Try it — Please restate word for word the lines of the entries below from the one with "The next thing" to the one with "We have things", inclusive, and leave out every picture.

**** Stored data

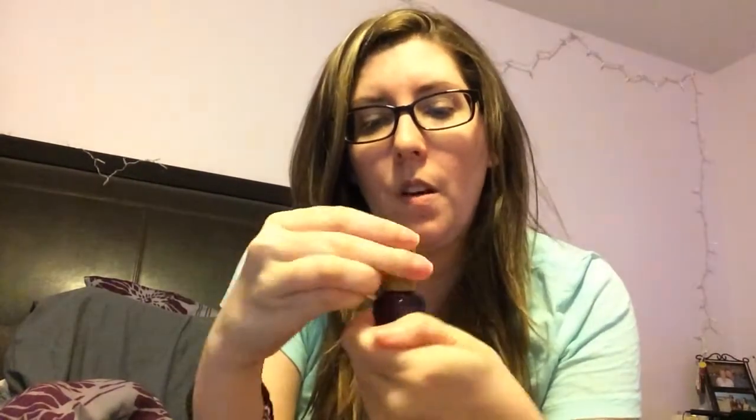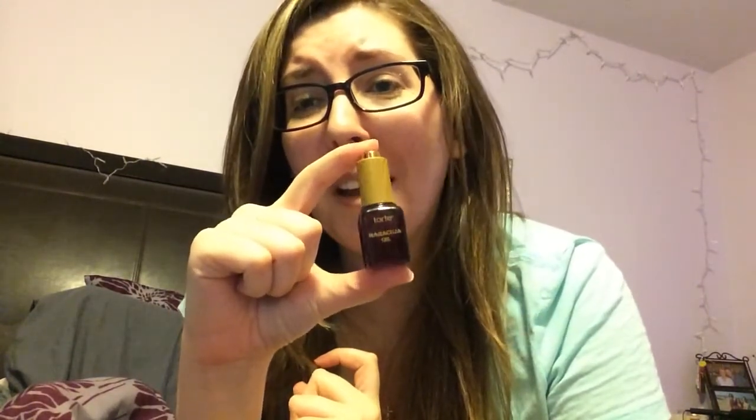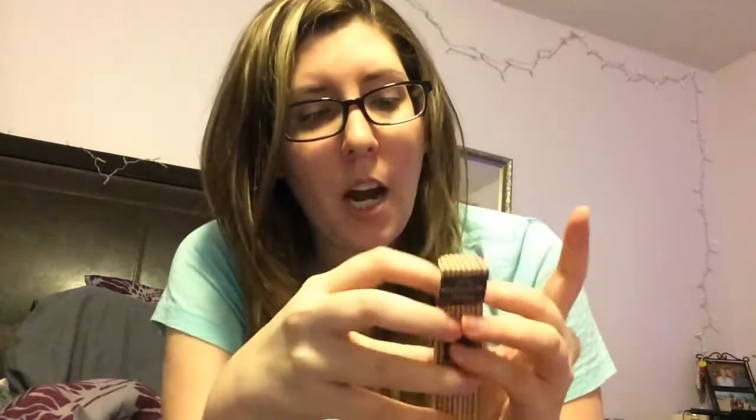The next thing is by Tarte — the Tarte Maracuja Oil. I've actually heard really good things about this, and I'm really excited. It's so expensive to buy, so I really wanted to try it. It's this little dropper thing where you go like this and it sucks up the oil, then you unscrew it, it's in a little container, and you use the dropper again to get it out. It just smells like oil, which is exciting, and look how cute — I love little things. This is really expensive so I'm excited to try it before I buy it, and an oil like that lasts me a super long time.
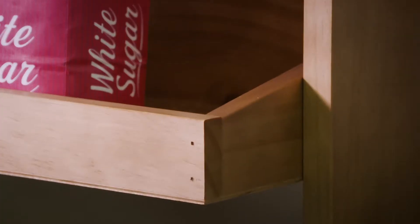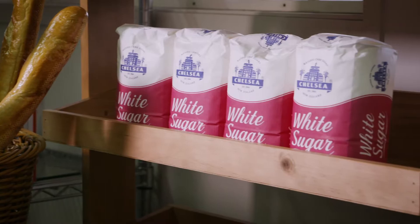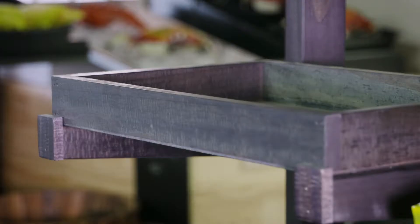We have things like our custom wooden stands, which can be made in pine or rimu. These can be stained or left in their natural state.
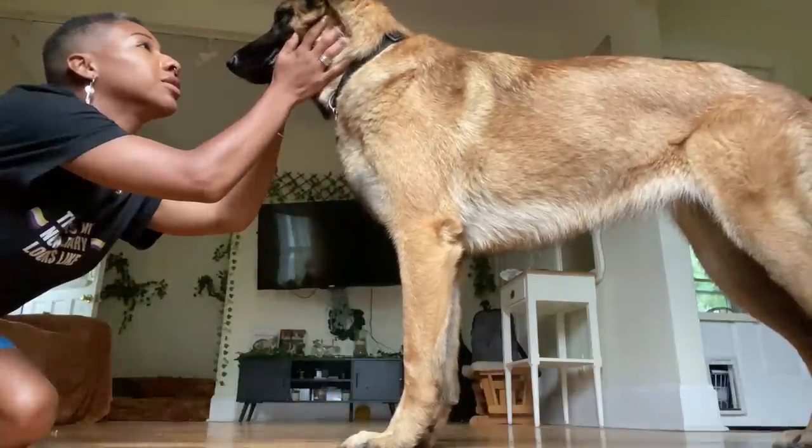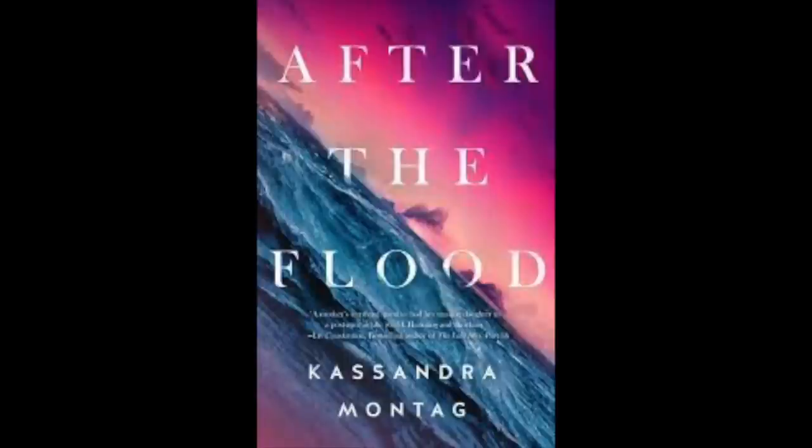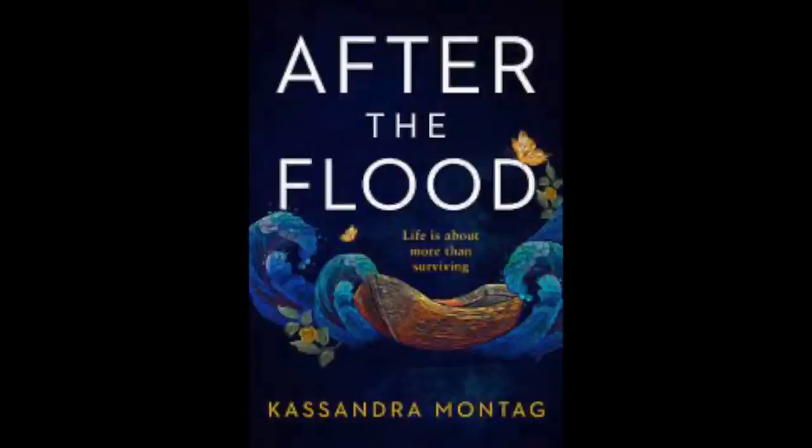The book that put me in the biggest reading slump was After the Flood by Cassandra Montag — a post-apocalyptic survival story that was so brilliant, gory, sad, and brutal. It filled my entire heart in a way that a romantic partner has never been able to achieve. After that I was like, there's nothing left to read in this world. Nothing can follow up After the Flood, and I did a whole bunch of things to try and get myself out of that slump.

********
**** Stored data

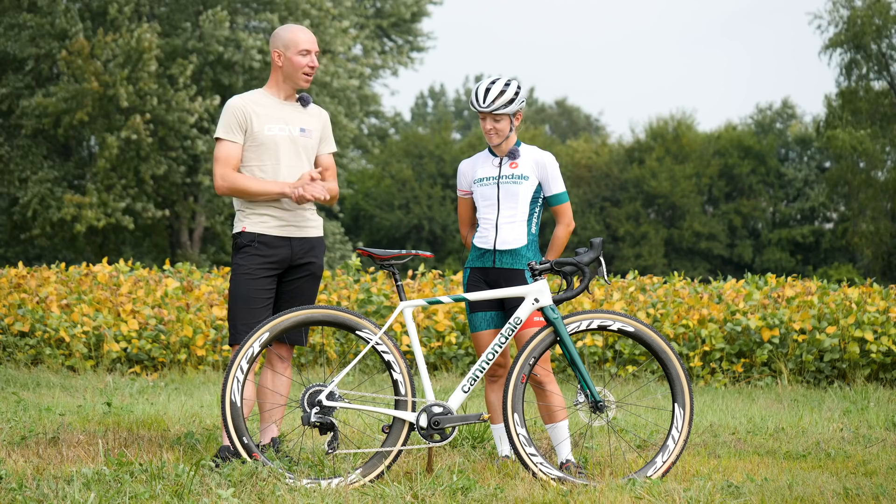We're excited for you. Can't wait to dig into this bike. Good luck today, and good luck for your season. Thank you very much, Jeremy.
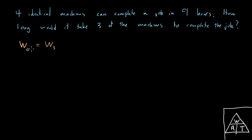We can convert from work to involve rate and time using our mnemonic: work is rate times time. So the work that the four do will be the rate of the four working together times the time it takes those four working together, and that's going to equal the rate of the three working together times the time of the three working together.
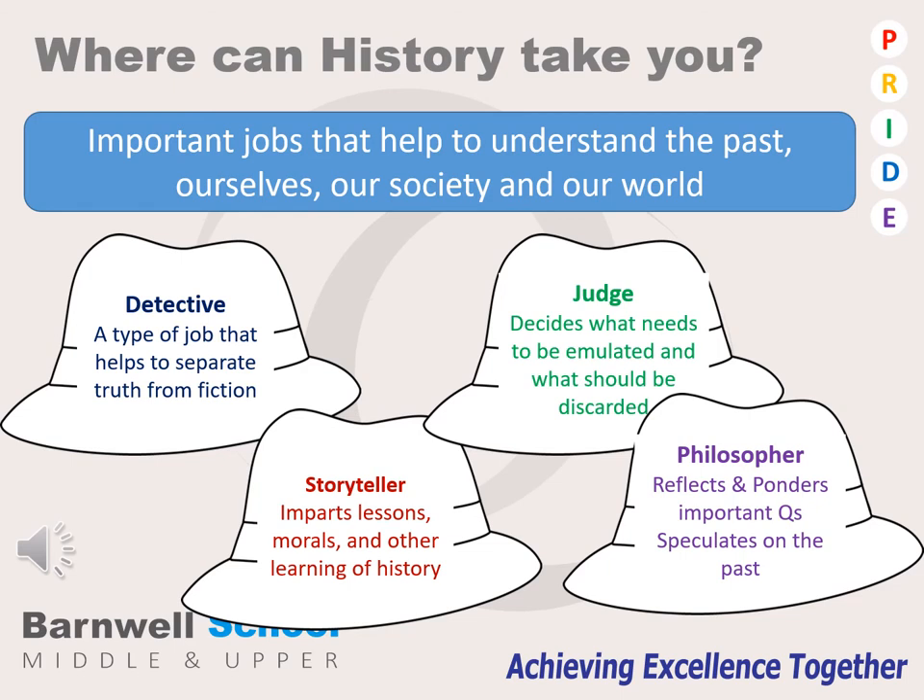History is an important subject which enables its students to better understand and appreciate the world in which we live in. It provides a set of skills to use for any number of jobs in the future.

********

Solution to the problem —
The next thing is by Tarte — the Tarte Maracuja Oil. I've actually heard really good things about this, and I'm really excited. It's so expensive to buy, so I really wanted to try it. It's this little dropper thing where you go like this and it sucks up the oil, then you unscrew it, it's in a little container, and you use the dropper again to get it out. It just smells like oil, which is exciting, and look how cute — I love little things. This is really expensive so I'm excited to try it before I buy it, and an oil like that lasts me a super long time.
We have things like our custom wooden stands, which can be made in pine or rimu. These can be stained or left in their natural state.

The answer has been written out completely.